Symptom Clusters in Hemodialysis

Friday, 20 July 2018: 2:30 PM

Maya Nicole Clark-Cutaia, PhD, ACNP-BC, RN
New York University Rory Meyers College of Nursing, New York, NY, USA

The cycle of waste and electrolyte dysregulation, disease-related volume expansion, and fluid removal by HD leads to hypertension and heart failure, with accompanying symptoms of shortness of breath, cognitive impairment, nausea, anorexia, fatigue, weakness and edema. Fluid removal (ultrafiltration) during HD further exacerbates the symptom burden.1-5 HD patients, therefore, can suffer from a variety of physical and emotional symptoms. A relatively small number of studies have aimed to quantify and/or qualify symptom burden and symptom clusters in HD patients.6-11 The majority of the available literature has not examined the wide range of symptoms that are known to affect this population and has used general quality of life measures or ad hoc instruments.12, 13 Improved recognition and identification of symptoms experienced independently and concurrently could translate into the development of symptom prevention and management interventions. The purpose of this presentation is to explore the symptom burden experienced by patients in the hemodialysis (HD) patient population and identify HD patient symptom clusters.

Methods

We conducted a secondary analysis on a 42 patient HD patient sample of a double-blinded randomized controlled trial. Patients were randomized to one of three dietary sodium intake groups (1500 mg/day, 2400 mg/day, ambient intake group). Primary outcomes were quality of life and symptom scores as operationalized by the Kidney Quality of Life (KDQOL) and Palliative Outcome Scale-Renal (POS-S) Assessments. POS-S scores were utilized for the symptom cluster analyses.

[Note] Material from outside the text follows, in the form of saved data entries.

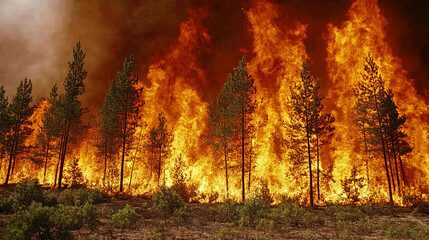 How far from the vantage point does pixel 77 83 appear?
99.5 feet

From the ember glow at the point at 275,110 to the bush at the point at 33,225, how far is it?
19.1 m

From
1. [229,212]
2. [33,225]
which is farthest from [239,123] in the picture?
[33,225]

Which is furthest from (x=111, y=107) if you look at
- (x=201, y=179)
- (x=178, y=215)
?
(x=178, y=215)

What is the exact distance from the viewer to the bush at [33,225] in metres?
6.00

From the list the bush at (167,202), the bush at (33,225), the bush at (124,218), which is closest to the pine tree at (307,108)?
the bush at (167,202)

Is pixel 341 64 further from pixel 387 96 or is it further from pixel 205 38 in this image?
pixel 205 38

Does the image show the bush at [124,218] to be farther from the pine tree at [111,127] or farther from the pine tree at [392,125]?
the pine tree at [392,125]

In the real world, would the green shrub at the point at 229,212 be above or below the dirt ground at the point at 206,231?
above

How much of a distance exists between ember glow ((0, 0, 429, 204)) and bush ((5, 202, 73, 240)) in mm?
19101

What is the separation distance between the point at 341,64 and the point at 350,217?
30.4 metres

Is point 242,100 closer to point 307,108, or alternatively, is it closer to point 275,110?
point 307,108

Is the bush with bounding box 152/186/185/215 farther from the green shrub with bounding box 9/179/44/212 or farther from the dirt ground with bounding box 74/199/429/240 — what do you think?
the green shrub with bounding box 9/179/44/212

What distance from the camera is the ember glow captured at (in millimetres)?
30258

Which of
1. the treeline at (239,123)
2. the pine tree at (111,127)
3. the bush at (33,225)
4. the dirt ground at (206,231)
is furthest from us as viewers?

Principal components analysis with a varimax rotation was used to identify symptom clusters in the convenience hemodialysis patient sample.

Results

The sample was overwhelmingly African American (85 %) and predominately male. The mean age was 56 years (SD=11.69). The Forty-five percent reported hypertension as the etiology of ESRD. The majority of participants perceived their health to be at least “good” (55%). Baseline quality of life scores were the same across the sample. No statistically significant difference in symptom scores. Four symptom clusters emerged from the cluster analyses.

There were limitations to our study. In particular, the primary Study was a feasibility study with minimal power, a small convenience sample and the survey consisted of 17 items. We also found that some of the survey items correlated heavily with one another. Sampling bias may also have been a factor in the results of the study.

Conclusions

A larger scale RCT is necessary to explore clinical relevance of symptom clusters identified.

Symptom Cluster research is its infancy in the HD patient population. Further analyses with larger samples are necessary to begin to develop interventions to improve the patient symptom experience.